#3 - Weekend fun with SOMs, FastAPI and AWS Lambda Container Images

Today we take a quick pit stop from our F1 Prediction project, and explore a fun little algorithm with our very own python implementation of Kohonen Self-Organising Maps

Mar 30, 2024

Hi friends,

A couple of weeks ago, I stumbled upon an unsupervised learning algorithm called Kohonen Self-Organising Maps. Koho-wwhattt?!!

Github project for this article

Self-organising maps are nothing novel, in fact it was first introduced by a Finnish professor Teuvo Kohonen in the 1980s. It is a type of artificial neural network, but instead of the usual backpropagation (gradient descent) used in neural networks, Kohonen SOMs use competitive learning instead. It was quite popular around 2005, however, I seldom (never) hear them being used these days. There are SOM libraries in popular languages like Python, R, and Matlab to name a few.

What attracted me to SOMs was it’s ability to create pretty abstract blobs of colour which are almost like art, if you ask me. (This colorful representation is possible if you use a 3-component vector like the RGB-component we use in this article.) Above is one such example of an output generated by our Python implementation.

What are SOMs?

Kohonen Self-Organising Maps (SOM) are a type of unsupervised learning algorithm. Kohonen Maps are typically used for clustering and visualising so that higher-dimensional data can be represented in lower dimensions, typically in 2D like in a rectangular topology or grid.

In addition to segmentation and clustering analysis, it is also a form of dimensionality reduction technique so that the high-dimensional data in the input layer can be represented in the output grid.

SOM Training

I have created a notebook, a Python implementation and a FastAPI client that I have made available in GitHub to use any which way you want. This Jupyter notebook goes through the training of self-organising maps as shown below:

Each node's weights are initialized.
We enumerate through the training data for kohonen_some number of iterations (repeating if necessary). The current value we are training against will be referred to as the current input vector
Every node is examined to calculate which one's weights are most like the input vector. The winning node is commonly known as the Best Matching Unit (BMU).
The radius of the neighbourhood of the BMU is now calculated. This is a value that starts large, typically set to the 'radius' of the lattice, but diminishes each time-step. Any nodes found within this radius are deemed to be inside the BMU's neighbourhood.
Each neighbouring node's (the nodes found in step 4) weights are adjusted to make them more like the input vector. The closer a node is to the BMU, the more its weights get altered.
Go to step 2 until we've completed N iterations.
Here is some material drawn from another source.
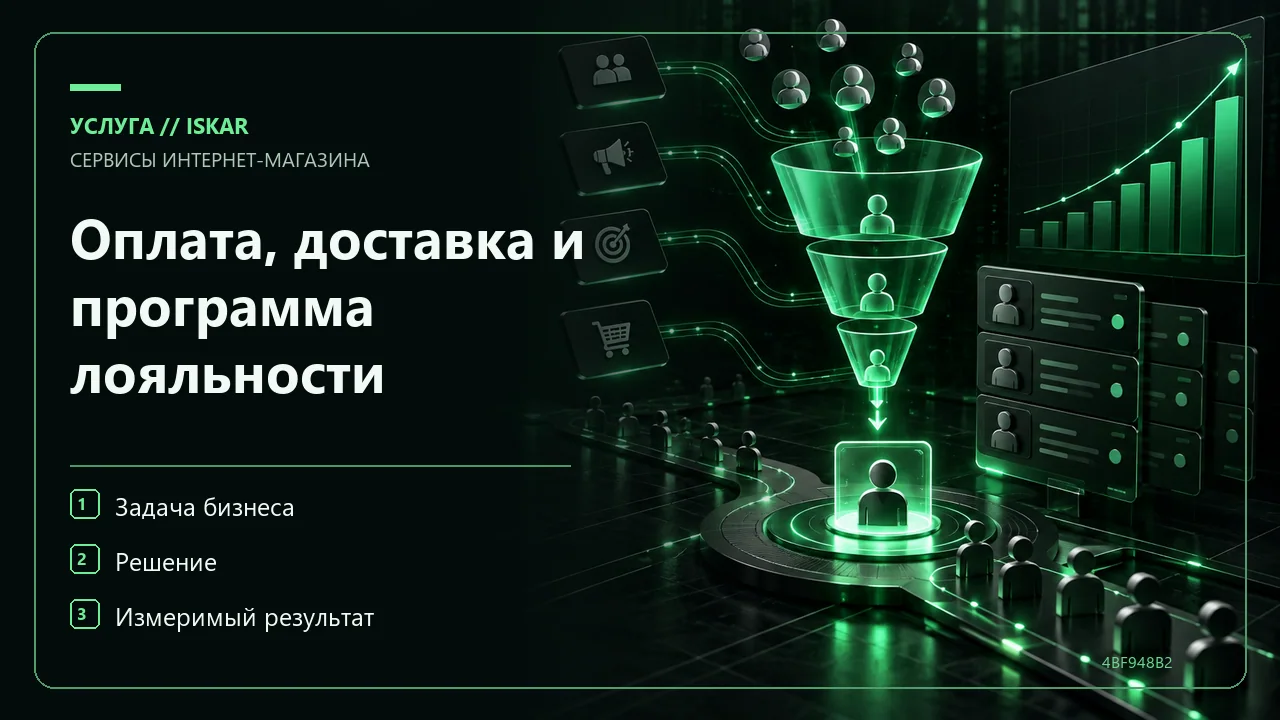 Оплата, доставка и программа лояльности фото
Kohonen Input and Output Layer

A Kohonen SOM has two layers, the input layer and the output layer. The input layer is made up of the features of the data, while the output layer is made up of the nodes that will be trained to represent the input data. In this project, our input layer is made up of floats (which represent RGB colours), and the output layer is a 2D grid of nodes, each node also made up of RGB components.

The image below shows a very simple SOM with an input layer of 3 features and an output layer of 16 nodes. In this project, we only have 3 features (RGB colour components), however, you can have more features in the input layer. For example, if you are trying to segment customers, the features can be income, sex, age, race, etc.
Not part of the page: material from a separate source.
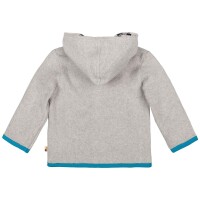 Kapuzenjacke Fleece F&uuml;chse grey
With our input features (and output node weights) conveniently RGB components, we can easily visualise the output layer as a 2D grid of colours.

If you look at each node in the output layer, you will notice that there are 3 lines into each node. These lines represent the weight of each feature in the input layer. Each output node weight is also a 3-dimension vector, the same shape as the input layer, and also represent RGB dimension. When updating the node weights during training, the changes to the weight are easily visualised as colours.

SOM Output

Given the input layer made up of 20 random RGB colours, later you will notice that the output image will contain colour groups from this layer.

In the below left image, a 100x100 output layer is initialised with random colours. Running the SOM algorithm for 1000 iterations will produce the output on the right, where we can see roughly 20 colours grouped together.

Vectorisation

In my first attempt at implementing the Kohonen SOM algorithm, I used the typical Python nested loops following the algorithm to the letter. However, I quickly realised that increasing the iterations to 200, 500, 1000 or more would slow it to a crawl, not very exciting when deploying it to production.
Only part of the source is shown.